Это вот «золотое сечение», наложенное на историю, человеческая мера, применённая к историческим событиям и историческим деятелям, была мерой жизни самого Карамзина, мерой его отношения как к друзьям, противникам, так и к «сильным мира сего». Парадокс Карамзина в том, что, сохраняя в душе республиканские идеалы, он стал монархистом, ибо полагал, что самодержание не случайный эпизод для России, а возникло исторически. «Но этот монархист (по справедливому наблюдению Н. Я. Эйдельмана)… не умел, не мог лгать во спасение и говорил любимым монархам страшные вещи, да ещё так писал про их предшественников, что будущий декабрист-смертник восклицал: «Ну Грозный! Ну Карамзин!»{51}. И потому далеко не случайна внутренняя независимость Карамзина, его чувство собственного — человеческого — достоинства, прямота и искренность, с которыми он шёл по жизни, глядел на мир и писал свою Историю. Исторический труд Карамзина Пушкин назвал «подвигом честного человека». Этот подвиг оказался возможным, потому что Карамзин был один из самых внутренне свободных людей своего времени, независимо державший себя и с царём, и с радикалами. «Карамзин первый показал, что писатель может быть у нас независимым»{52}, — отметил Гоголь.

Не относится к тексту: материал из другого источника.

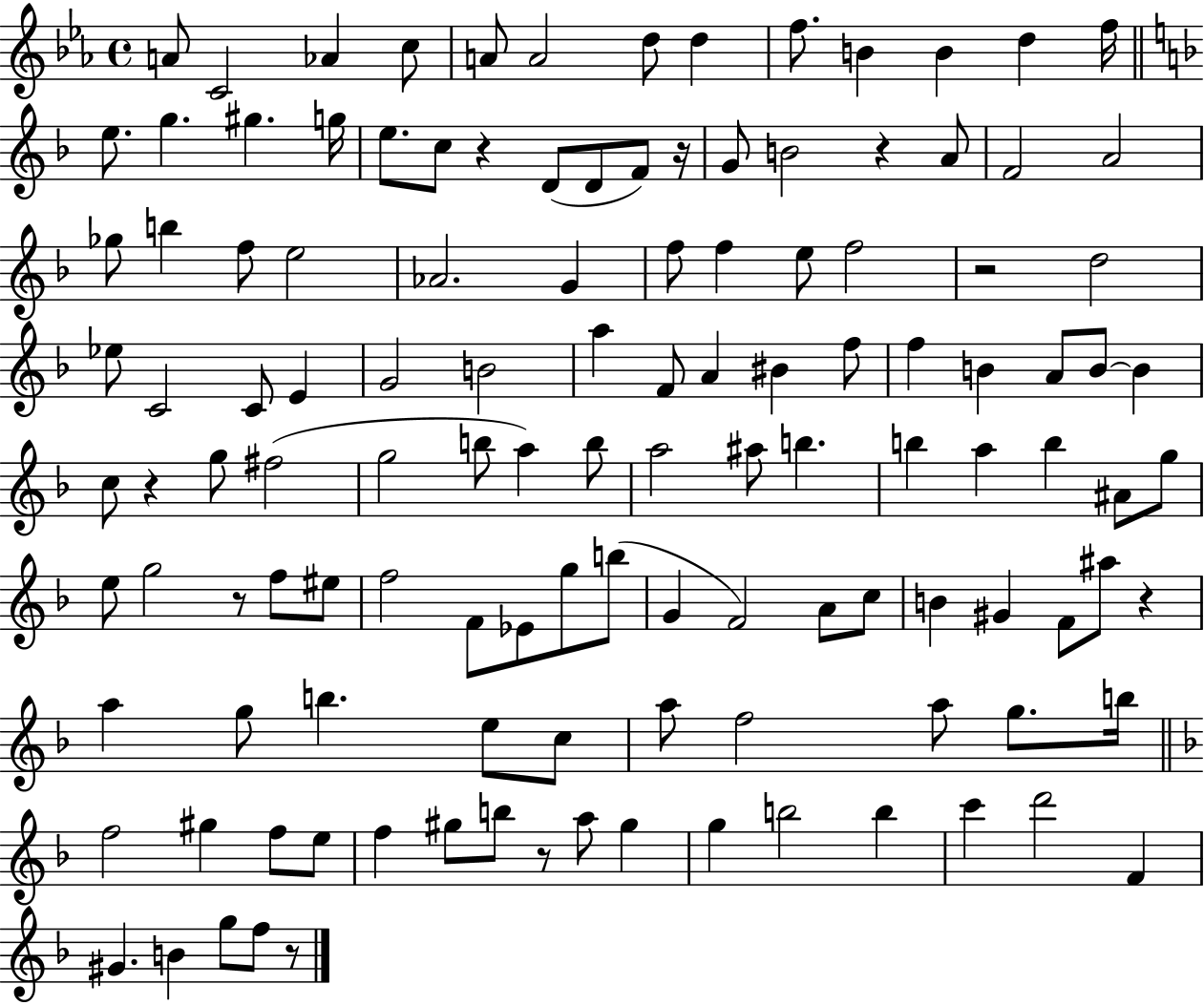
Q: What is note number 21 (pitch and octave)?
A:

При этом он как мог и в ком мог, старался «пробуждать чувства добрые». Он неоднократно заступался за Пушкина, пытался облегчить участь декабристов, сумел сделать добрейшего Жуковского воспитателем наследника, будущего Александра II, он был независим и потому к нему тянулись люди самых разных ориентации, ибо независимость — это сила, привлекающая людей. Трудно представить сегодня масштабы этой личности, стоявшей у поэтической колыбели Пушкина, личности, сумевшей дать русской культуре исторический критерий событий, оценить человека в истории, а историю оценить человеческой мерой. Каждый начинал — после чтения Карамзина — ощущать себя участником Истории. Трудно переоценить это завоевание. С историком можно было спорить (воспитанный на Карамзине Достоевский, как известно, представлял русскую историю много трагичнее), но миновать его было уже нельзя. Да и не надо. Его и сегодня надо знать.

«Первый наш историк и последний летописец»{53}— так Пушкин определил Карамзина. Он на рубеже. С него начинается научное изучение истории. Но с его «Истории» начинается и «новая эпоха русской литературы», ибо литература после Карамзина — это литература, обратившаяся к человеку в его соотнесении с историей народа и государства.